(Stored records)
================
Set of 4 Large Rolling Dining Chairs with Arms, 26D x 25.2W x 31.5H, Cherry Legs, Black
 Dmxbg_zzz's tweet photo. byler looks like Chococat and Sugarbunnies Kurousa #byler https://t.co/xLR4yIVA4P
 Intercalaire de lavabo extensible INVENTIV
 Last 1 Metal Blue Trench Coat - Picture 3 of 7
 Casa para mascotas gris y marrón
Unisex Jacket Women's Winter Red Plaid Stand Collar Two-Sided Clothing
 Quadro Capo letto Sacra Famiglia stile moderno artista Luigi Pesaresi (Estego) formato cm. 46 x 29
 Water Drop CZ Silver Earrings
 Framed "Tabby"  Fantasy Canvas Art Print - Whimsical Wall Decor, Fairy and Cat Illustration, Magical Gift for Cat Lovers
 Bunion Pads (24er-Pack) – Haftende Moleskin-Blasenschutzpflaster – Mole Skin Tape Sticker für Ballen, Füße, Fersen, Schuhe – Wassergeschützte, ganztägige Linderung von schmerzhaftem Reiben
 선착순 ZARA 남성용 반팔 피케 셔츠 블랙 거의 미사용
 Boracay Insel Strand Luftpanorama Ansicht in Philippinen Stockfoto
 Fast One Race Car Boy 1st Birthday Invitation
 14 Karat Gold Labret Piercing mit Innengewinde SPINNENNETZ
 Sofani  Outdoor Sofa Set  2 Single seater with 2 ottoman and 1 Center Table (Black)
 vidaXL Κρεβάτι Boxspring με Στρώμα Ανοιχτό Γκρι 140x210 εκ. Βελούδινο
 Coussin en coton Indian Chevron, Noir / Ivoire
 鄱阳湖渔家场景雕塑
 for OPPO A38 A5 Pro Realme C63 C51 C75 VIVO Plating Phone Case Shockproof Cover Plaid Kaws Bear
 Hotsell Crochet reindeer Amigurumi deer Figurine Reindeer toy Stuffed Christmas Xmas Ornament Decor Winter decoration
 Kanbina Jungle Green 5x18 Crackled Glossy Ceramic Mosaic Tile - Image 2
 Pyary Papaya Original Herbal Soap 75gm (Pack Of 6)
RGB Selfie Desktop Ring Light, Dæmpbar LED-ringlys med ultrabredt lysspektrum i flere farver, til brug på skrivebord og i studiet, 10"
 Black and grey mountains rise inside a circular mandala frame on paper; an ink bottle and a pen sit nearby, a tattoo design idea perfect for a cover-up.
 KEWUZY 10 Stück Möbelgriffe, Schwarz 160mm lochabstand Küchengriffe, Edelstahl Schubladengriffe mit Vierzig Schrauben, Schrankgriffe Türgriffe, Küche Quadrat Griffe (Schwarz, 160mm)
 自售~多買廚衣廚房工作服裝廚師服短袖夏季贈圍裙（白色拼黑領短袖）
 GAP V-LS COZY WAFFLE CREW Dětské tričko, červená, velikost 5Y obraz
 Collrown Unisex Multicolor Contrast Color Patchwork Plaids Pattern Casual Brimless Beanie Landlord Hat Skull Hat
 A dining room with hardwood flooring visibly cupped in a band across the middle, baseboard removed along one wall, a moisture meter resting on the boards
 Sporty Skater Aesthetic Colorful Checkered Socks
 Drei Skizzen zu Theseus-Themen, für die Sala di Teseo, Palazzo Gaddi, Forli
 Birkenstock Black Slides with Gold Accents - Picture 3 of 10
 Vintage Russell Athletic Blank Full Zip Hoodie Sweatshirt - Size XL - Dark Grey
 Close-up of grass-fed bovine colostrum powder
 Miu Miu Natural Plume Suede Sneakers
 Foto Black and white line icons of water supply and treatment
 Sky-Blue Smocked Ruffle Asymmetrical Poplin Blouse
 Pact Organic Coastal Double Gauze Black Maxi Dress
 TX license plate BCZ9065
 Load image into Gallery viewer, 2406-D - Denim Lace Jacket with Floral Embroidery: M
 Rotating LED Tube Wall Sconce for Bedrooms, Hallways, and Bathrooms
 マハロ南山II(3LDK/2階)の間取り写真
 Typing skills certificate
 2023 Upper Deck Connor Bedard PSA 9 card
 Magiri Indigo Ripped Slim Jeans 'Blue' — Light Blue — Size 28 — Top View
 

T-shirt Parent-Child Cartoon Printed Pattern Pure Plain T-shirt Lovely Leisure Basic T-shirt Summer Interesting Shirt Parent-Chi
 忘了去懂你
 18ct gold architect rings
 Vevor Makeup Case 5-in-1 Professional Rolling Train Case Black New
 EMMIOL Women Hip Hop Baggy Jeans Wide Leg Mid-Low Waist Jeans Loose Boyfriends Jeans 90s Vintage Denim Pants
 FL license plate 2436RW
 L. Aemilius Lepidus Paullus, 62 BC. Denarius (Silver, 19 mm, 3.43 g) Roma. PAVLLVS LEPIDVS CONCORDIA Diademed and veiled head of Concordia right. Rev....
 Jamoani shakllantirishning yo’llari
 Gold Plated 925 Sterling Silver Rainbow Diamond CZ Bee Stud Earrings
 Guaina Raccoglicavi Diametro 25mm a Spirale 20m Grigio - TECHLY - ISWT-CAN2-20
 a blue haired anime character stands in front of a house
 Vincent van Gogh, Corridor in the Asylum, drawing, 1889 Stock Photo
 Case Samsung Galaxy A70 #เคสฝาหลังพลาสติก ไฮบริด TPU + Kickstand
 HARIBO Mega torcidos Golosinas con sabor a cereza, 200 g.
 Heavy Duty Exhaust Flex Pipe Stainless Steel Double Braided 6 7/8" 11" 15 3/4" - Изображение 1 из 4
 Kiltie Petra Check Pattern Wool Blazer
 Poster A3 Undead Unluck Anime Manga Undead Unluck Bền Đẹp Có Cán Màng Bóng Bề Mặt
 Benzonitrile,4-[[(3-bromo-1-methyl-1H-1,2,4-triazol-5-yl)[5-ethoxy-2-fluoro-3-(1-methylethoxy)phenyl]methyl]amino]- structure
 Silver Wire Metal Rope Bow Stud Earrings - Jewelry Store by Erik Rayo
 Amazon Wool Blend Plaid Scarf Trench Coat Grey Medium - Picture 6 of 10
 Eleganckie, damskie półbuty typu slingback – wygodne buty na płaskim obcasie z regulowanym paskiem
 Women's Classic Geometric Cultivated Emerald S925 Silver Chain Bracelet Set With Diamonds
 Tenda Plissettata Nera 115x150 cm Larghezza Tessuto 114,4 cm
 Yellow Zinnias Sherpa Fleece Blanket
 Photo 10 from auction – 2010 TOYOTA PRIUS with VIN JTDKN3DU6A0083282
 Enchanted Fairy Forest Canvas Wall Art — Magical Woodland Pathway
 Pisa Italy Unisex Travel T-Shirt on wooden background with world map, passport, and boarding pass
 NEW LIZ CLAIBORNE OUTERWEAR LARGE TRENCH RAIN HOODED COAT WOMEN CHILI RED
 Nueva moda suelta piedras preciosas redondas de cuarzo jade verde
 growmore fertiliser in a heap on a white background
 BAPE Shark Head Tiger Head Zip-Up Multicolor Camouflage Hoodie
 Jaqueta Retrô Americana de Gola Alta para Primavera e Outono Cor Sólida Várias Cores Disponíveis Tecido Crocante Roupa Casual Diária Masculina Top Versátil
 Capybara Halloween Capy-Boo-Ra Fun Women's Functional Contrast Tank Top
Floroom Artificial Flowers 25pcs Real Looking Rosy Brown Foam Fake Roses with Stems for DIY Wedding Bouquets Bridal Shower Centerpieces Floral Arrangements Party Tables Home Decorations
================
Problem to work on
Retype the records exactly.

Written response
Set of 4 Large Rolling Dining Chairs with Arms, 26D x 25.2W x 31.5H, Cherry Legs, Black
 Dmxbg_zzz's tweet photo. byler looks like Chococat and Sugarbunnies Kurousa #byler https://t.co/xLR4yIVA4P
 Intercalaire de lavabo extensible INVENTIV
 Last 1 Metal Blue Trench Coat - Picture 3 of 7
 Casa para mascotas gris y marrón
Unisex Jacket Women's Winter Red Plaid Stand Collar Two-Sided Clothing
 Quadro Capo letto Sacra Famiglia stile moderno artista Luigi Pesaresi (Estego) formato cm. 46 x 29
 Water Drop CZ Silver Earrings
 Framed "Tabby"  Fantasy Canvas Art Print - Whimsical Wall Decor, Fairy and Cat Illustration, Magical Gift for Cat Lovers
 Bunion Pads (24er-Pack) – Haftende Moleskin-Blasenschutzpflaster – Mole Skin Tape Sticker für Ballen, Füße, Fersen, Schuhe – Wassergeschützte, ganztägige Linderung von schmerzhaftem Reiben
 선착순 ZARA 남성용 반팔 피케 셔츠 블랙 거의 미사용
 Boracay Insel Strand Luftpanorama Ansicht in Philippinen Stockfoto
 Fast One Race Car Boy 1st Birthday Invitation
 14 Karat Gold Labret Piercing mit Innengewinde SPINNENNETZ
 Sofani  Outdoor Sofa Set  2 Single seater with 2 ottoman and 1 Center Table (Black)
 vidaXL Κρεβάτι Boxspring με Στρώμα Ανοιχτό Γκρι 140x210 εκ. Βελούδινο
 Coussin en coton Indian Chevron, Noir / Ivoire
 鄱阳湖渔家场景雕塑
 for OPPO A38 A5 Pro Realme C63 C51 C75 VIVO Plating Phone Case Shockproof Cover Plaid Kaws Bear
 Hotsell Crochet reindeer Amigurumi deer Figurine Reindeer toy Stuffed Christmas Xmas Ornament Decor Winter decoration
 Kanbina Jungle Green 5x18 Crackled Glossy Ceramic Mosaic Tile - Image 2
 Pyary Papaya Original Herbal Soap 75gm (Pack Of 6)
RGB Selfie Desktop Ring Light, Dæmpbar LED-ringlys med ultrabredt lysspektrum i flere farver, til brug på skrivebord og i studiet, 10"
 Black and grey mountains rise inside a circular mandala frame on paper; an ink bottle and a pen sit nearby, a tattoo design idea perfect for a cover-up.
 KEWUZY 10 Stück Möbelgriffe, Schwarz 160mm lochabstand Küchengriffe, Edelstahl Schubladengriffe mit Vierzig Schrauben, Schrankgriffe Türgriffe, Küche Quadrat Griffe (Schwarz, 160mm)
 自售~多買廚衣廚房工作服裝廚師服短袖夏季贈圍裙（白色拼黑領短袖）
 GAP V-LS COZY WAFFLE CREW Dětské tričko, červená, velikost 5Y obraz
 Collrown Unisex Multicolor Contrast Color Patchwork Plaids Pattern Casual Brimless Beanie Landlord Hat Skull Hat
 A dining room with hardwood flooring visibly cupped in a band across the middle, baseboard removed along one wall, a moisture meter resting on the boards
 Sporty Skater Aesthetic Colorful Checkered Socks
 Drei Skizzen zu Theseus-Themen, für die Sala di Teseo, Palazzo Gaddi, Forli
 Birkenstock Black Slides with Gold Accents - Picture 3 of 10
 Vintage Russell Athletic Blank Full Zip Hoodie Sweatshirt - Size XL - Dark Grey
 Close-up of grass-fed bovine colostrum powder
 Miu Miu Natural Plume Suede Sneakers
 Foto Black and white line icons of water supply and treatment
 Sky-Blue Smocked Ruffle Asymmetrical Poplin Blouse
 Pact Organic Coastal Double Gauze Black Maxi Dress
 TX license plate BCZ9065
 Load image into Gallery viewer, 2406-D - Denim Lace Jacket with Floral Embroidery: M
 Rotating LED Tube Wall Sconce for Bedrooms, Hallways, and Bathrooms
 マハロ南山II(3LDK/2階)の間取り写真
 Typing skills certificate
 2023 Upper Deck Connor Bedard PSA 9 card
 Magiri Indigo Ripped Slim Jeans 'Blue' — Light Blue — Size 28 — Top View
 

T-shirt Parent-Child Cartoon Printed Pattern Pure Plain T-shirt Lovely Leisure Basic T-shirt Summer Interesting Shirt Parent-Chi
 忘了去懂你
 18ct gold architect rings
 Vevor Makeup Case 5-in-1 Professional Rolling Train Case Black New
 EMMIOL Women Hip Hop Baggy Jeans Wide Leg Mid-Low Waist Jeans Loose Boyfriends Jeans 90s Vintage Denim Pants
 FL license plate 2436RW
 L. Aemilius Lepidus Paullus, 62 BC. Denarius (Silver, 19 mm, 3.43 g) Roma. PAVLLVS LEPIDVS CONCORDIA Diademed and veiled head of Concordia right. Rev....
 Jamoani shakllantirishning yo’llari
 Gold Plated 925 Sterling Silver Rainbow Diamond CZ Bee Stud Earrings
 Guaina Raccoglicavi Diametro 25mm a Spirale 20m Grigio - TECHLY - ISWT-CAN2-20
 a blue haired anime character stands in front of a house
 Vincent van Gogh, Corridor in the Asylum, drawing, 1889 Stock Photo
 Case Samsung Galaxy A70 #เคสฝาหลังพลาสติก ไฮบริด TPU + Kickstand
 HARIBO Mega torcidos Golosinas con sabor a cereza, 200 g.
 Heavy Duty Exhaust Flex Pipe Stainless Steel Double Braided 6 7/8" 11" 15 3/4" - Изображение 1 из 4
 Kiltie Petra Check Pattern Wool Blazer
 Poster A3 Undead Unluck Anime Manga Undead Unluck Bền Đẹp Có Cán Màng Bóng Bề Mặt
 Benzonitrile,4-[[(3-bromo-1-methyl-1H-1,2,4-triazol-5-yl)[5-ethoxy-2-fluoro-3-(1-methylethoxy)phenyl]methyl]amino]- structure
 Silver Wire Metal Rope Bow Stud Earrings - Jewelry Store by Erik Rayo
 Amazon Wool Blend Plaid Scarf Trench Coat Grey Medium - Picture 6 of 10
 Eleganckie, damskie półbuty typu slingback – wygodne buty na płaskim obcasie z regulowanym paskiem
 Women's Classic Geometric Cultivated Emerald S925 Silver Chain Bracelet Set With Diamonds
 Tenda Plissettata Nera 115x150 cm Larghezza Tessuto 114,4 cm
 Yellow Zinnias Sherpa Fleece Blanket
 Photo 10 from auction – 2010 TOYOTA PRIUS with VIN JTDKN3DU6A0083282
 Enchanted Fairy Forest Canvas Wall Art — Magical Woodland Pathway
 Pisa Italy Unisex Travel T-Shirt on wooden background with world map, passport, and boarding pass
 NEW LIZ CLAIBORNE OUTERWEAR LARGE TRENCH RAIN HOODED COAT WOMEN CHILI RED
 Nueva moda suelta piedras preciosas redondas de cuarzo jade verde
 growmore fertiliser in a heap on a white background
 BAPE Shark Head Tiger Head Zip-Up Multicolor Camouflage Hoodie
 Jaqueta Retrô Americana de Gola Alta para Primavera e Outono Cor Sólida Várias Cores Disponíveis Tecido Crocante Roupa Casual Diária Masculina Top Versátil
 Capybara Halloween Capy-Boo-Ra Fun Women's Functional Contrast Tank Top
Floroom Artificial Flowers 25pcs Real Looking Rosy Brown Foam Fake Roses with Stems for DIY Wedding Bouquets Bridal Shower Centerpieces Floral Arrangements Party Tables Home Decorations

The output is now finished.